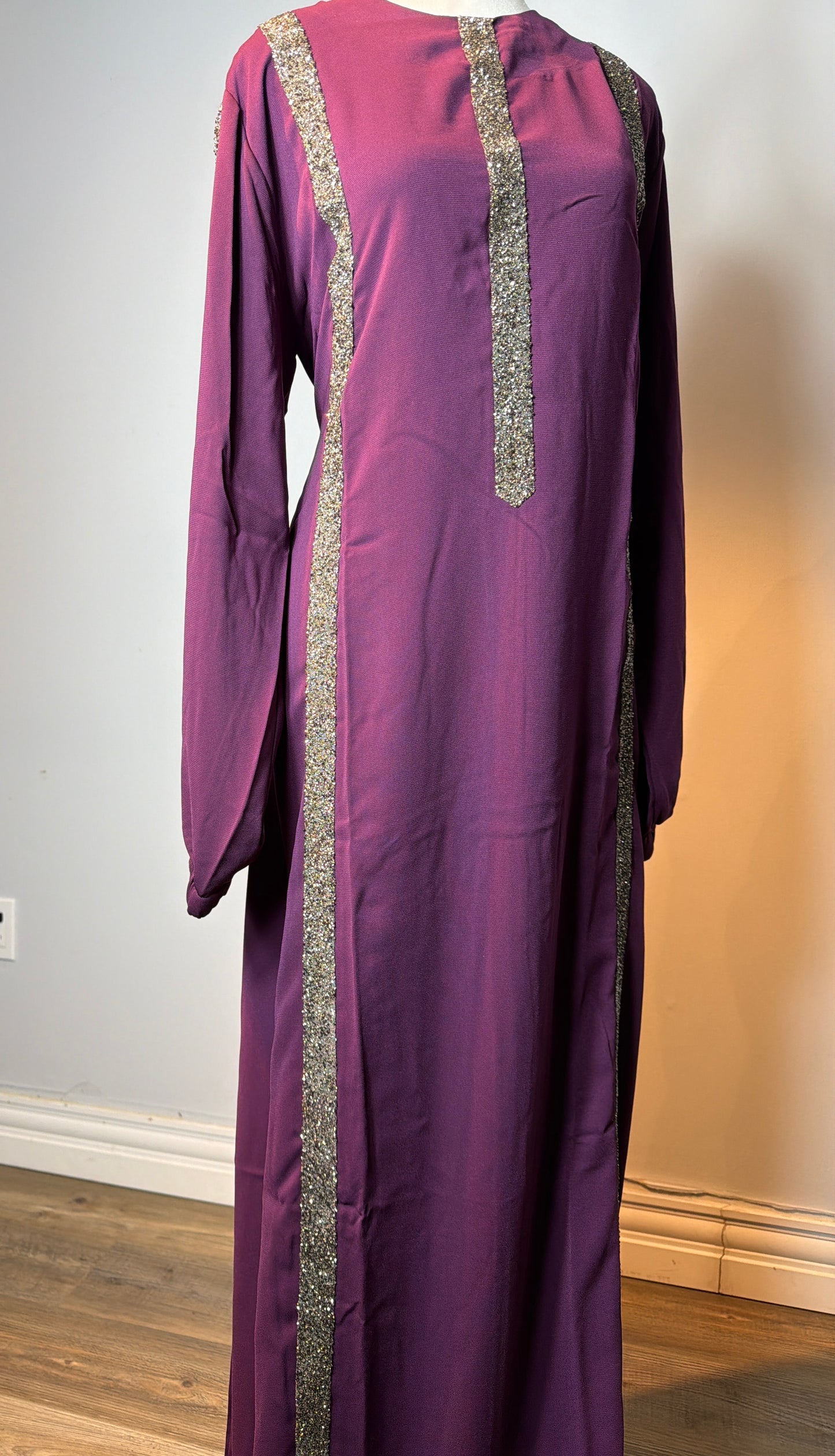 Elegant Modest Abaya with Shimmering Trim Heba Boutique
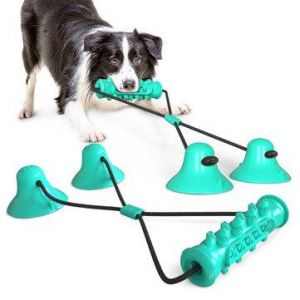Dog Interactive Suction Cup Push Toys Pet Molar Bite Toy Elastic Ropes Dog Tooth Cleaning Chewing Pet Puppy Dog Toys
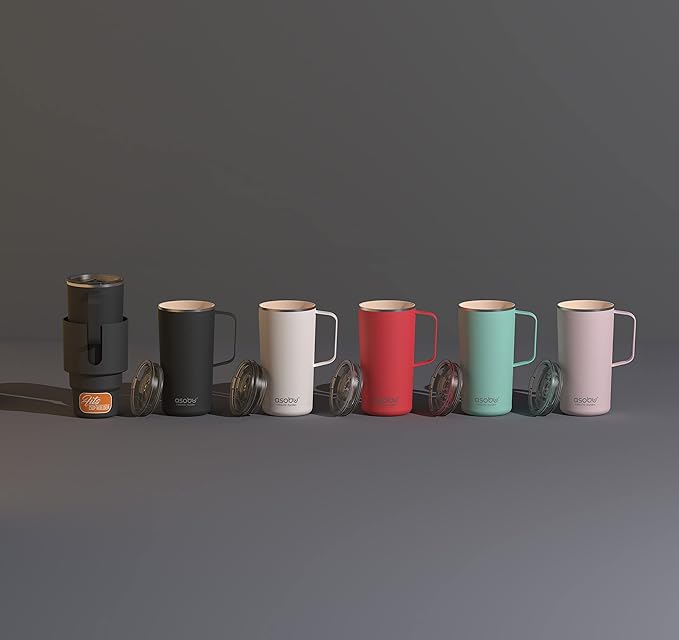 asobu Tower Mug Ceramic Inner Coated Insulated Stainless Steel Cup for Pure Tasting Coffee with Easy Hold Handle and Tritan Lid Fits Standard Cup Holders 20 Ounce Travel Mug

**Problem details**
In the copy you write, the data above must appear exactly, with no pictures.

**Exercise solution**
 Elegant Modest Abaya with Shimmering Trim Heba Boutique
Dog Interactive Suction Cup Push Toys Pet Molar Bite Toy Elastic Ropes Dog Tooth Cleaning Chewing Pet Puppy Dog Toys
 asobu Tower Mug Ceramic Inner Coated Insulated Stainless Steel Cup for Pure Tasting Coffee with Easy Hold Handle and Tritan Lid Fits Standard Cup Holders 20 Ounce Travel Mug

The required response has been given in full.